Right concentration: cultivate over time full awareness of being present to self, world, and others.

Meditation


Meditation is the way to understanding all of the above. It is not about striving to achieve ecstasy, spiritual bliss, or even tranquility of mind. It is not even about making you become a better person. Meditation is about creating a temporary state of mind, in which you clearly see your own self-deceptions, your hidden hopes and fears. Meditation makes you completely break away from how your mind ‘normally’ operates through a brief state of mind that frees you of all cares and concerns. Meditation gives you brief moments of acute awareness and deep discernment of what is real and what is pseudo-real.

Meditation quiets your mind; in your everyday life, consciousness is seldom, if ever, quiet. Therefore, it puts you on a journey of self-discovery and discovery of the true nature of existence.
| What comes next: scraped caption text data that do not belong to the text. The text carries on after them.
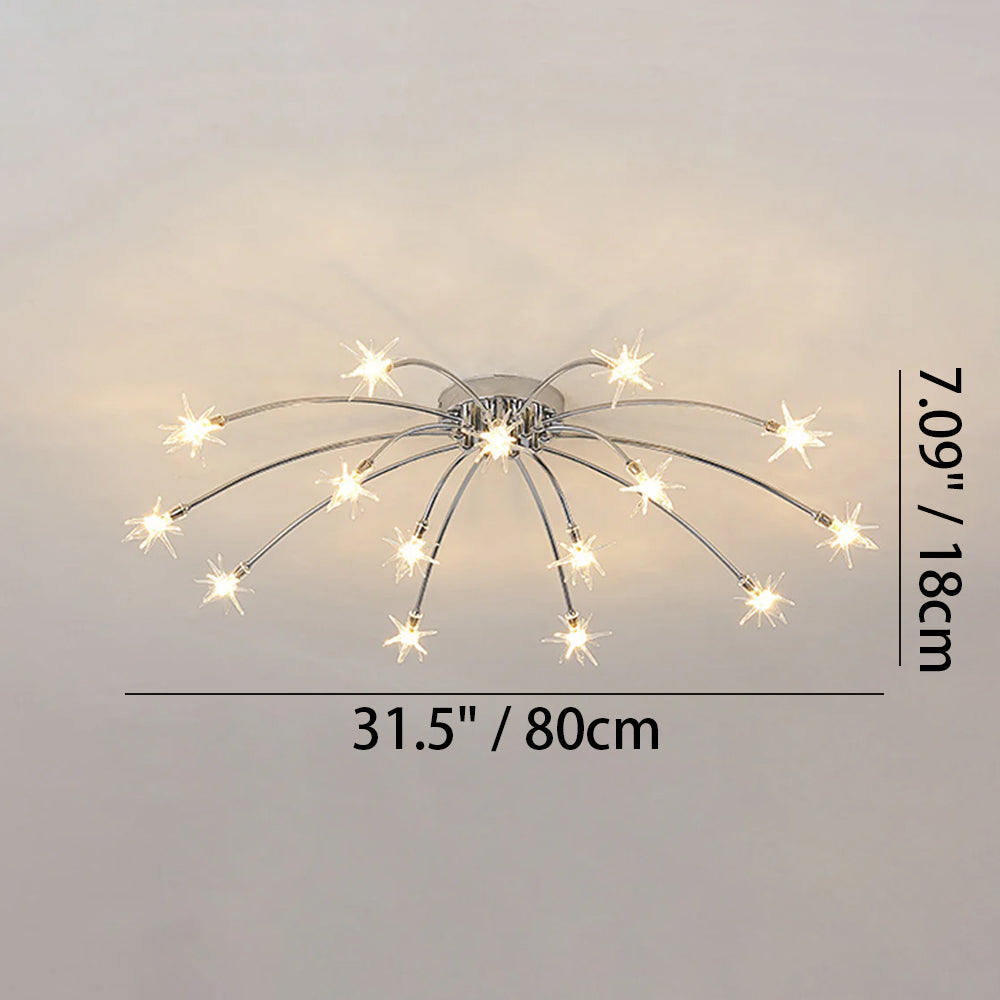 Modern LED-taklampa — utanpåliggande halvinfälld montering, metall och glas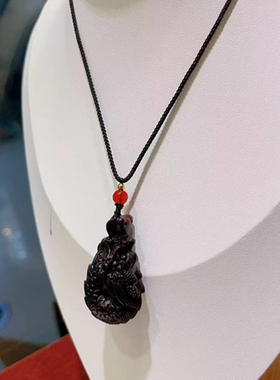 紫檀木雕刻祥龙吊坠挂件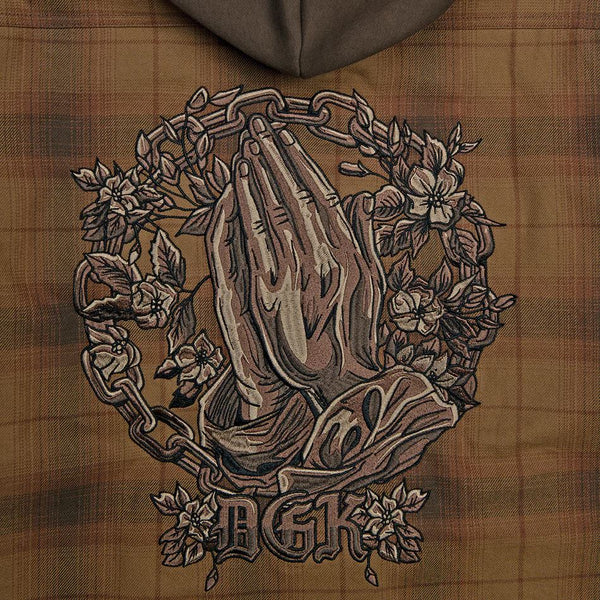DGK In Chains Flannel Shacket Brown Jacket - M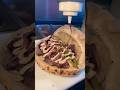BEEF SHAWARMA PIZZA SANDWICH from Ayat NYC! 🥩🍕🔥🤤 Yes, PLEASE! Who’s hungry? #DEVOURPOWER
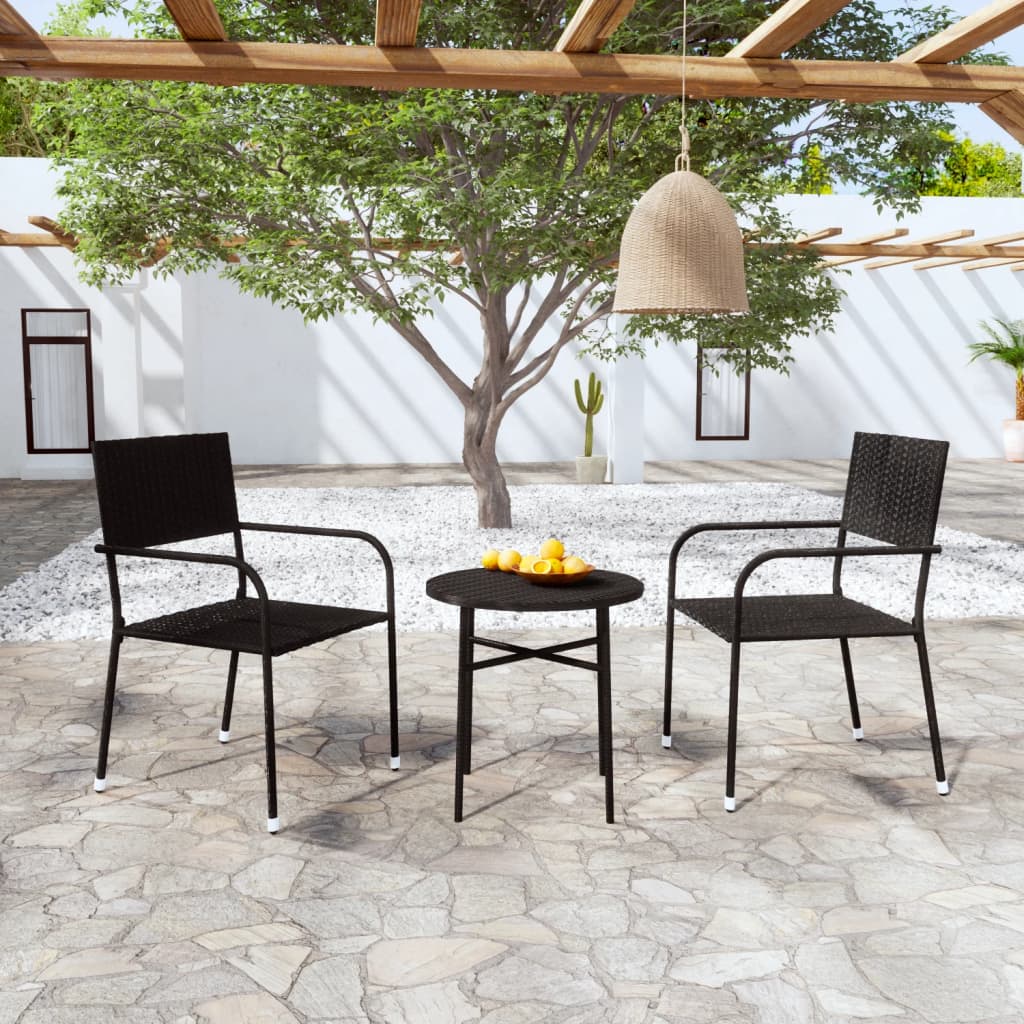 3-delige Tuinset poly rattan zwart
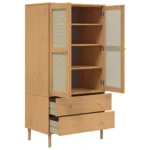 2 Door Wardrobe Rattan Look - Solid Pine Wood - Brown - 90 x 55 x 175cm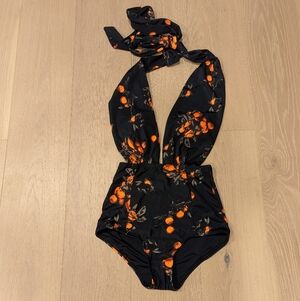 Black and Orange Floral Swimsuit
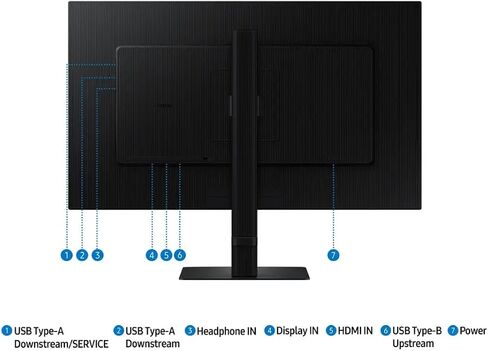 Samsung 27 "Viewfinity S8 Series Monitor ، 4K UHD (3840 × 2160) ، حامل قابل للتعديل ، DisplayPort ، 60 هرتز ، 5 مللي ثانية ، HDMI ، USB ، أسود ، مع كابل HDMI in Kuwait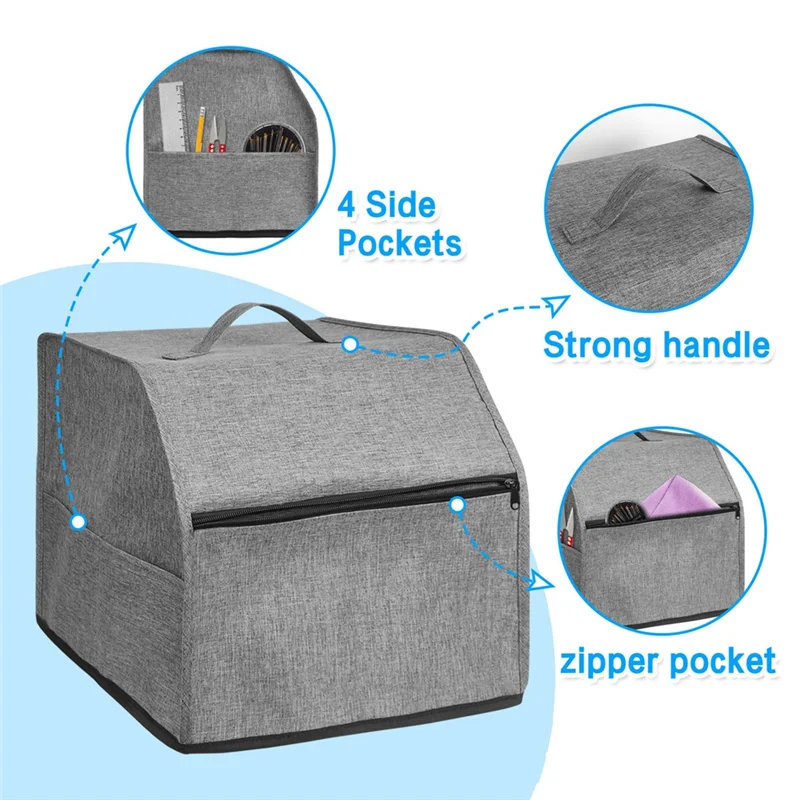 Afbeelding 3: J1UL1N Serger Machine Cover Met Zakken Voor Opslag, Naaimachine Stofkap Voor De Meeste Standaard Sergers, Overlock Machine Cover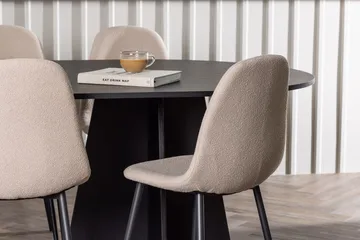 Oval matgrupp Venture Home Beige Svart 6st - Møbler - Borde - Spisebordssæt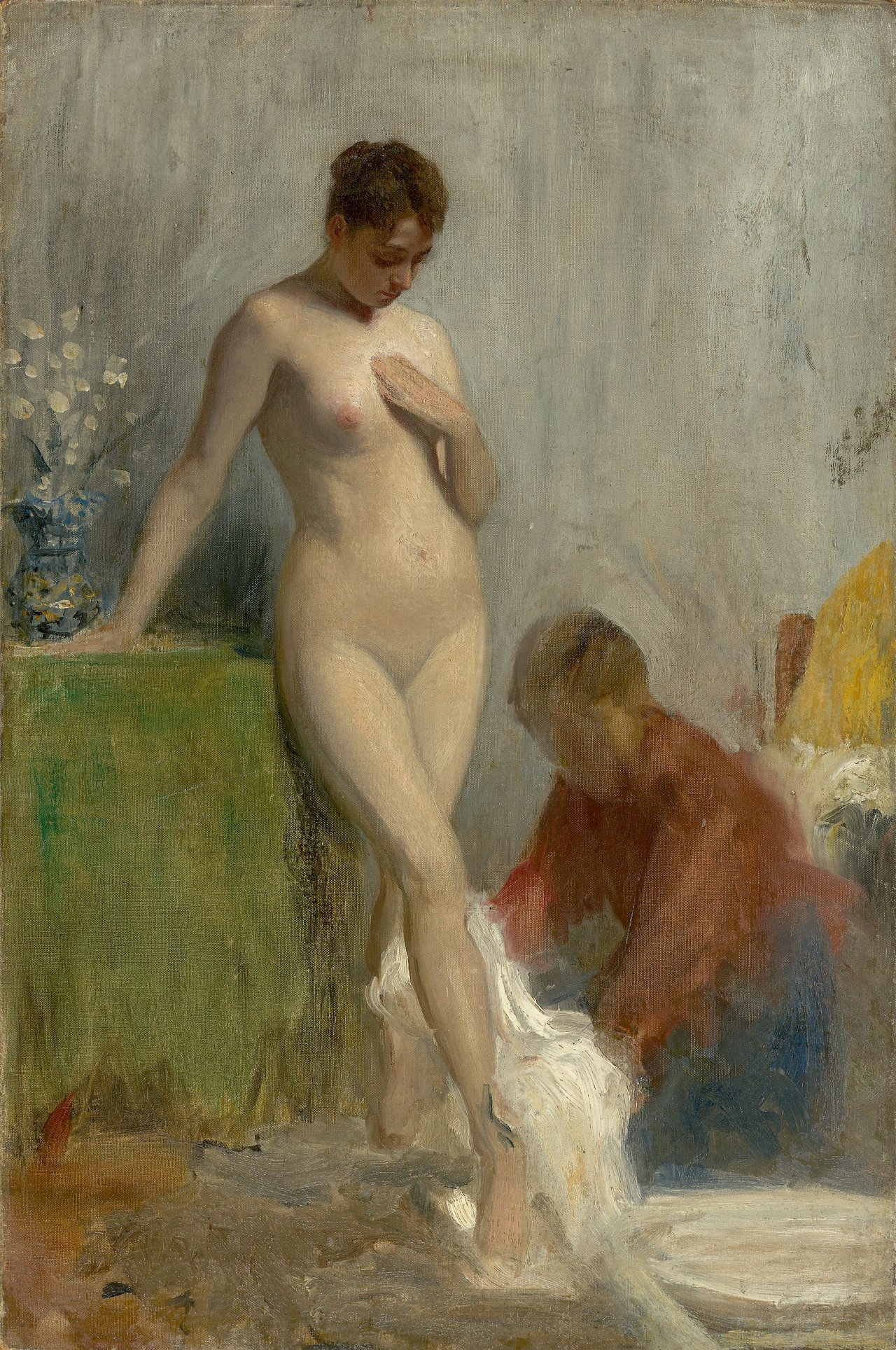 Auf diesem Bild ist das folgende Kunstwerk zu sehen:  Deutsch, um 1890. Fußwaschung.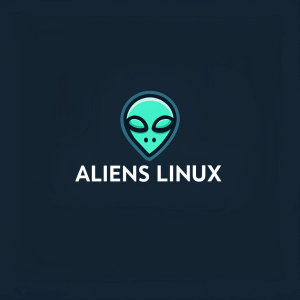 Modern logo design for Aliens Linux. Stylized abstract alien face. Text reads 'ALIENS LINUX' in a clean, contemporary font. Teal and muted colors for a sleek, minimalist look.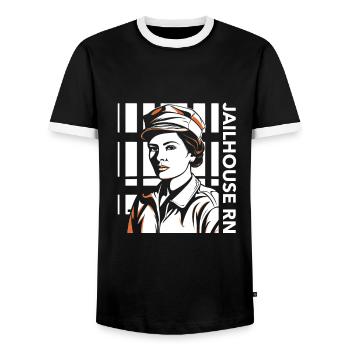 Jailhouse RN Corrections Nurse - Men's Ringer Shirt - black/white - Front - AI Model Female 172 light (172cm) & AI Model Male 178 light (178cm)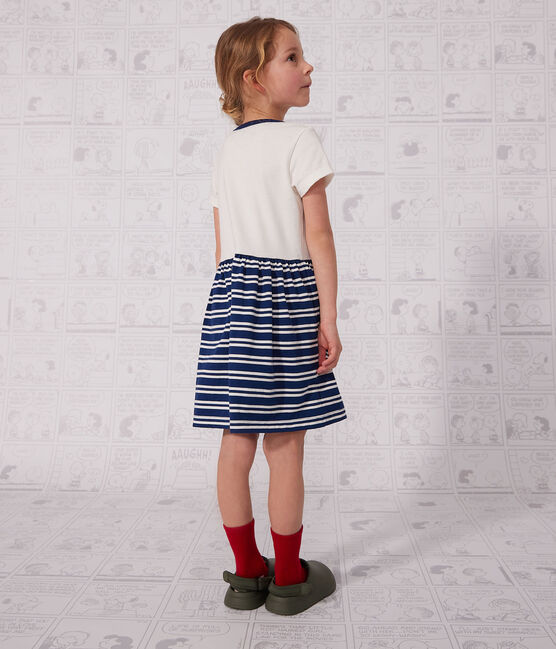 Vestido de manga corta de algodón para niña azul MEDIEVAL/blanco MARSHMALLOW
Through this discovery, you are able to communicate with the external or universal concept of God. This is how meditation can bring about psychological and spiritual healing.

Meditation allows you to observe yourself without judgment; it is observation without struggling with being right or wrong.

Meditation can be achieved through laborious training with perseverance, patience, and practice-just like training a puppy to sit.
Acceptance of suffering: To deny suffering is ignorance. Refusal to acknowledge and face pain only keeps you trapped in your own pain.
Courage to confront the truth of human suffering: It is easier to avoid suffering by denial than to face it. But feeling the pain is necessary for healing. Learn how to be fearless instead of fearful.

Enlightenment
: The opposite of truth is illusion. Enlightenment is awakening to the need to be fearless to embrace the truth in order to dispel the self-illusions that perpetuate the suffering.

Compassion
: Compassion and life are interrelated through suffering. Meditation can heal the mind, but not the heart, unless there is compassion. Only with compassion can one become a complete human being, who becomes connected with others.

Attachments
: Desires and the reluctance to relinquish the desires are obstacles to enlightenment. They not only cause human sufferings but also perpetuate them.

Letting go
: Understanding the impermanence of all things enables the letting go of attachments, and hence the attainment of enlightenment.

Are the above teachings of Buddha similar to the philosophy of Lao Tzu?